The spring sale will feature easy-to-care-for perennials, which are plants that live for two or more years.

“These (plants) are pretty easy,” she said. “They require some work if you want them to bloom a second year.”

The sale will offer plants from nurseries as well as from the gardens of the Master Gardeners themselves.

“Some of the stuff we buy from a wholesale nursery, but the majority of it is from our own gardens,” Gerard said.

There will be rosemary bushes, black-eyed Susans, shasta daisies, coneflowers, day lilies and many more plants. Some herbs, such as mint, will be sold as well.

Because some of the plants are coming from the Master Gardeners’ own gardens, people will be able to buy things that are unusual or hard-to-find, Gerard said.

Master gardener Sandy Muller said the plants that will be for sale are ones that are known to do well in Suffolk yards.

“Most of them are going to be ones that are easy-care and will thrive in the area,” she said.

Muller said she thinks they will have knockout rose bushes at the sale.
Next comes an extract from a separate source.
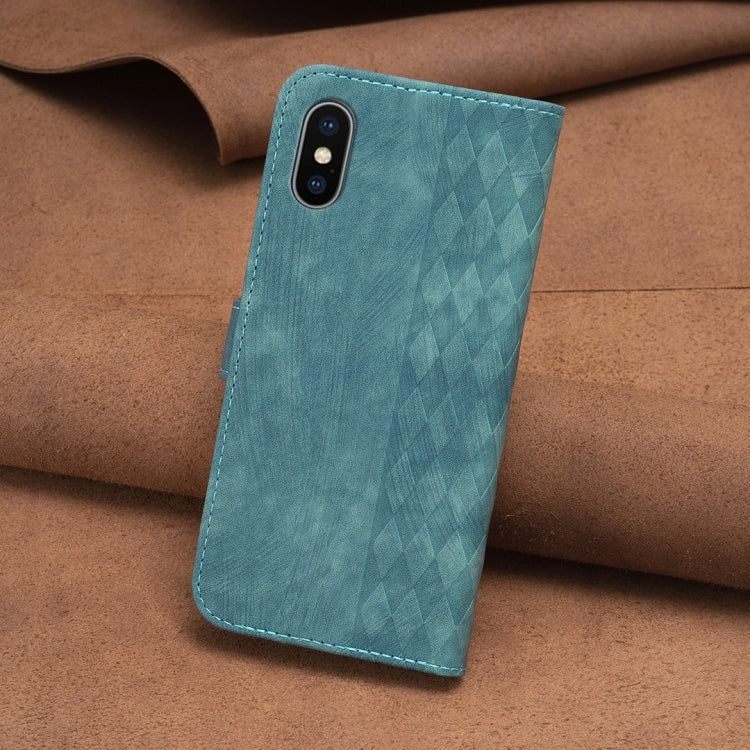 For iPhone X / XS Plaid Embossed Leather Phone Case(Green)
She said knockout rose bushes, which also were offered at the fall plant sale, are beautiful and don’t require a lot of work to keep in your yard.

In addition to a large selection, there will be great prices for the plants.

“Our prices are lower than the average nursery you would go to,” Muller said.

Master Gardeners will be present at the sale to offer advice on gardening and answer any questions guests might have.

Gerard said she hopes to be able to use new software she’s acquired to show guests information on the plants they purchase.

The money collected from the sale will be used to fund community projects the Master Gardeners participate in, such as the children’s garden at Sleepy Hole Park and the donation of landscaping for a Habitat for Humanity house being constructed on Hunter Street.